Get sample auto covariance:
# cov_auto_samp(X,delta)/cov_auto_samp(X,0) = auto correlation
def cov_auto_samp(X,delta):
N = len(X)
Xs = np.average(X)
autoCov = 0.0
times = 0.0
for i in np.arange(0, N-delta):
autoCov += (X[i+delta]-Xs)*(X[i]-Xs)
times +=1
return autoCov/times
#user333700 has the right answer. Using a library (such as statsmodels) is generally preferred over writing your own. However, it is insightful to implement your own at least once.
def _check_autocovariance_input(x):
if len(x) < 2:
raise ValueError('Need at least two elements to calculate autocovariance')
def get_autocovariance_given_lag(x, lag):
_check_autocovariance_input(x)
x_centered = x - np.mean(x)
a = np.pad(x_centered, pad_width=(0, lag), mode='constant')
b = np.pad(x_centered, pad_width=(lag, 0), mode='constant')
return np.dot(a, b) / len(x)
def get_autocovariance(x):
_check_autocovariance_input(x)
x_centered = x - np.mean(x)
return np.correlate(x_centered, x_centered, mode='full')[len(x) - 1:] / len(x)

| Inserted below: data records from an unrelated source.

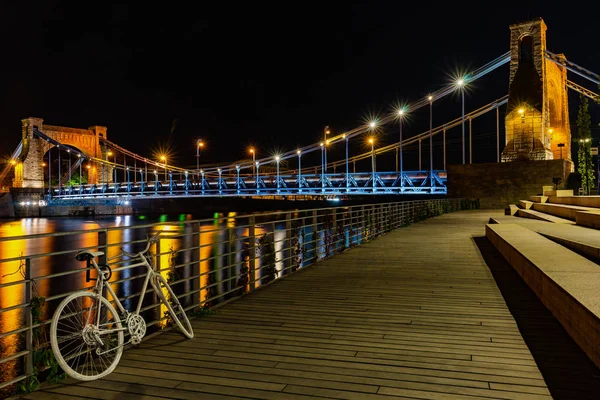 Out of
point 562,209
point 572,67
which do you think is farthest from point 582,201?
point 572,67

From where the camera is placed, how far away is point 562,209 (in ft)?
46.1

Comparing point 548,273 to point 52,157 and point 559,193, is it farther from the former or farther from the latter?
point 52,157

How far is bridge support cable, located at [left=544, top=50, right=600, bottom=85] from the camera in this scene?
3028 cm

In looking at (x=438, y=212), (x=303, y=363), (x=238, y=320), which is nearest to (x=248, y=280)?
(x=238, y=320)

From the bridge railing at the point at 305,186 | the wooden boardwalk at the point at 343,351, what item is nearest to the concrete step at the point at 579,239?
the wooden boardwalk at the point at 343,351

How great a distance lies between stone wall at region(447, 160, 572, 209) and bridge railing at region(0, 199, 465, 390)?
1.60 m

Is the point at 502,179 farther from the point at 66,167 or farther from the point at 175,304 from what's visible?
the point at 66,167

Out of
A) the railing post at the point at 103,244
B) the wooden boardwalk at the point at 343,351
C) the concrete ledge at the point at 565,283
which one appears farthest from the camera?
the railing post at the point at 103,244

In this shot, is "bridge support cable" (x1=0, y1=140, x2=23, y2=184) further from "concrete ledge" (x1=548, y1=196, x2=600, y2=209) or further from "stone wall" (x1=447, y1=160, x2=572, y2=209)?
"concrete ledge" (x1=548, y1=196, x2=600, y2=209)

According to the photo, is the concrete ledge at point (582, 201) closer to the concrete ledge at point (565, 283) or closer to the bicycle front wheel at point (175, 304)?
the concrete ledge at point (565, 283)

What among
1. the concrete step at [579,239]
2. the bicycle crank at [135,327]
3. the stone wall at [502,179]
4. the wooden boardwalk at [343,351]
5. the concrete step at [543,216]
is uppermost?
the stone wall at [502,179]

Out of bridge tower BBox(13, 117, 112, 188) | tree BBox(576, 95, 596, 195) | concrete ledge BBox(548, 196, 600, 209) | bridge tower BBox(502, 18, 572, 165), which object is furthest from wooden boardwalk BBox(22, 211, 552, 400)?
bridge tower BBox(13, 117, 112, 188)

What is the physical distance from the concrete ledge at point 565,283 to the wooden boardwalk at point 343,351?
444 millimetres

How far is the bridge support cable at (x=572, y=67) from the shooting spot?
30281 millimetres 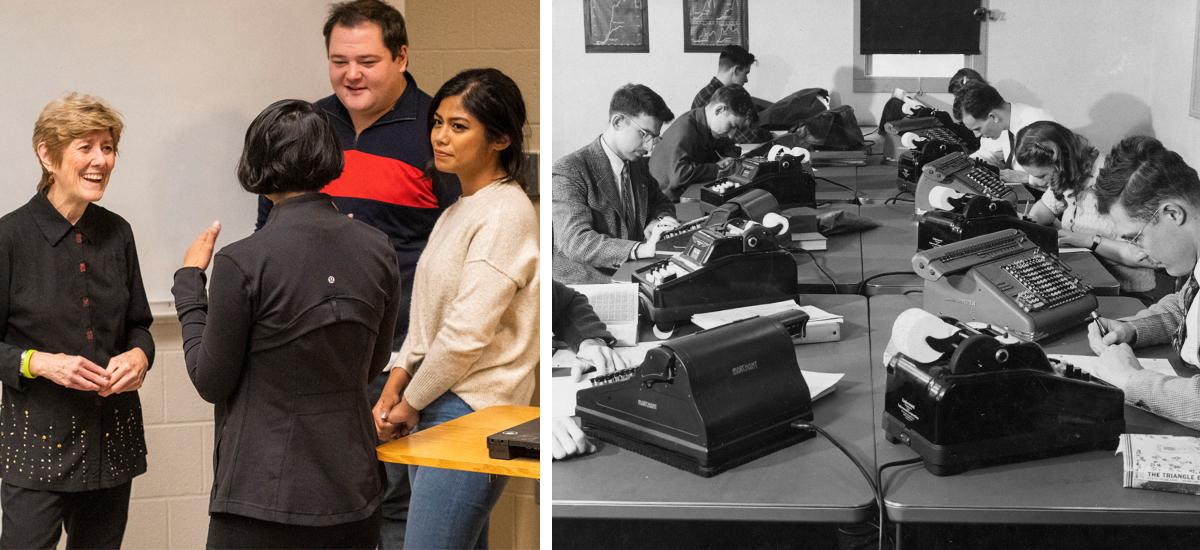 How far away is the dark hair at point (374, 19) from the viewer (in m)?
2.34

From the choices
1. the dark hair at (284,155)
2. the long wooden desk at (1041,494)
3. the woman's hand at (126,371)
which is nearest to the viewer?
the long wooden desk at (1041,494)

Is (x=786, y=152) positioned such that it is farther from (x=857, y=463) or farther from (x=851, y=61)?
A: (x=857, y=463)

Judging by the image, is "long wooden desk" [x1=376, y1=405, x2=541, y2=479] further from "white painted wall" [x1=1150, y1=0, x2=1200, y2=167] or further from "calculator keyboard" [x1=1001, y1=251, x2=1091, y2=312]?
"white painted wall" [x1=1150, y1=0, x2=1200, y2=167]

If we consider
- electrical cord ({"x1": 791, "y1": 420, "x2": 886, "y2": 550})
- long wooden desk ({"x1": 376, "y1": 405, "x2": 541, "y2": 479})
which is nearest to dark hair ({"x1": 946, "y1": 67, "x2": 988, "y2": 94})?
electrical cord ({"x1": 791, "y1": 420, "x2": 886, "y2": 550})

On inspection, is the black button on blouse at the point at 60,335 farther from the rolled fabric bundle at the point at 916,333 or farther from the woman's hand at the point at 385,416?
the rolled fabric bundle at the point at 916,333

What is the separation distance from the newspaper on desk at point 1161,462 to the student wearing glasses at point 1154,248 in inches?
1.9

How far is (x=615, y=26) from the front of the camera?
1.53 meters

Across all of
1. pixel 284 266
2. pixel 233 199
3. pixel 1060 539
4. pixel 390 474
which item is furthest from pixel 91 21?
pixel 1060 539

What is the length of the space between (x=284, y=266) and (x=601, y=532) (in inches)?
26.7

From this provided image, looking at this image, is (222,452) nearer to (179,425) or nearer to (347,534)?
(347,534)

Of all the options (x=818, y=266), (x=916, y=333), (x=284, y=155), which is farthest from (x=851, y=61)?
(x=284, y=155)

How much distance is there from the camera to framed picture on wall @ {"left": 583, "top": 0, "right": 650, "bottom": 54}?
5.00 ft

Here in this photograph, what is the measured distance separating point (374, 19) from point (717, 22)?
110cm

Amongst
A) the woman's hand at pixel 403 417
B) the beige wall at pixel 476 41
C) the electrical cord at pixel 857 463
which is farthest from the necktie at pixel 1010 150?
the beige wall at pixel 476 41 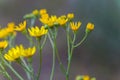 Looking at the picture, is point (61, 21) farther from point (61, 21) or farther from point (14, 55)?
point (14, 55)

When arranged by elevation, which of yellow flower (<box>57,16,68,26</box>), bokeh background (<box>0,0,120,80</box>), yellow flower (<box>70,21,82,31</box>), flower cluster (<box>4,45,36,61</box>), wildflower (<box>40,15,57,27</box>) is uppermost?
wildflower (<box>40,15,57,27</box>)

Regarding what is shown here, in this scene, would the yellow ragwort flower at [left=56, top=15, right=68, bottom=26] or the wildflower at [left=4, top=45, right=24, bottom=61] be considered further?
the yellow ragwort flower at [left=56, top=15, right=68, bottom=26]

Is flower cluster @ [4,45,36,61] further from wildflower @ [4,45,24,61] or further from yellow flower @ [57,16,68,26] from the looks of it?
yellow flower @ [57,16,68,26]

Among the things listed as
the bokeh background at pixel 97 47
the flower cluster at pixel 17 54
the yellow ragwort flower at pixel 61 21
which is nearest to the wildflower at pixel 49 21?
the yellow ragwort flower at pixel 61 21

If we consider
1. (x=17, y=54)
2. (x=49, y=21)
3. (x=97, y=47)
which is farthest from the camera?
(x=97, y=47)

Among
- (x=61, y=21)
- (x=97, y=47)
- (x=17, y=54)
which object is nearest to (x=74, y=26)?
(x=61, y=21)

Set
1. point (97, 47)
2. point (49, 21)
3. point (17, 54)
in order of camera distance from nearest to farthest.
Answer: point (17, 54)
point (49, 21)
point (97, 47)

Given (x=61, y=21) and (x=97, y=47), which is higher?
(x=61, y=21)

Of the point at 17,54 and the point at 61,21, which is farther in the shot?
the point at 61,21

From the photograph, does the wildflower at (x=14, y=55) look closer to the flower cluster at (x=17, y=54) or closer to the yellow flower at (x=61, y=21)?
the flower cluster at (x=17, y=54)

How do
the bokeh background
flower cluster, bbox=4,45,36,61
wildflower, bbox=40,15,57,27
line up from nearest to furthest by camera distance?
flower cluster, bbox=4,45,36,61
wildflower, bbox=40,15,57,27
the bokeh background

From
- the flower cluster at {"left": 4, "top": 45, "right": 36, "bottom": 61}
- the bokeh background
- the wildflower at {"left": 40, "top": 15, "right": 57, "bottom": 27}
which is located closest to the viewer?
the flower cluster at {"left": 4, "top": 45, "right": 36, "bottom": 61}

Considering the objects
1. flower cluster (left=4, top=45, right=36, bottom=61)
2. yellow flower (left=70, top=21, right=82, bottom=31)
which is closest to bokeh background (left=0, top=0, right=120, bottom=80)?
yellow flower (left=70, top=21, right=82, bottom=31) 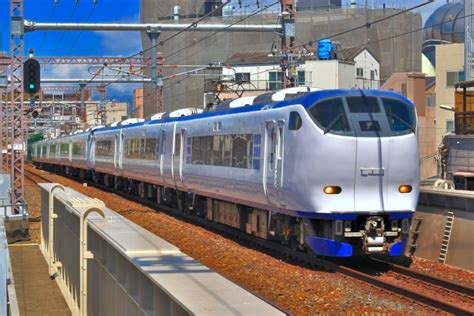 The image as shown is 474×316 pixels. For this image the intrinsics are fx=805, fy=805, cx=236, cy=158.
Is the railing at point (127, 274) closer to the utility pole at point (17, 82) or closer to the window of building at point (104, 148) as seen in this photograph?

The function I have get_autocovariance_given_lag calculates the autocovariance for a given lag.
If you are interested in all lags, the get_autocovariance can be used. The np.correlate function is what statsmodels uses under the hood. It calculates the cross correlation. This is a sliding dot product. For example, suppose the array is [1, 2, 3]. Then we get:
[1, 2, 3] = 3 * 1 = 3
[1, 2, 3]
[1, 2, 3] = 2 * 1 + 3 * 2 = 8
[1, 2, 3]
[1, 2, 3] = 1 * 1 + 2 * 2 + 3 * 3 = 14
[1, 2, 3]
[1, 2, 3] = 2 * 1 + 3 * 2 = 8
[1, 2, 3]
[1, 2, 3] = 3 * 1 = 3
[1, 2, 3]
But note we are interested in the covariance that starts at lag 0. Where is this? Well, this occurs after we have moved N - 1 positions to the right where N is the length of the array. This is why we return the array starting at N-1.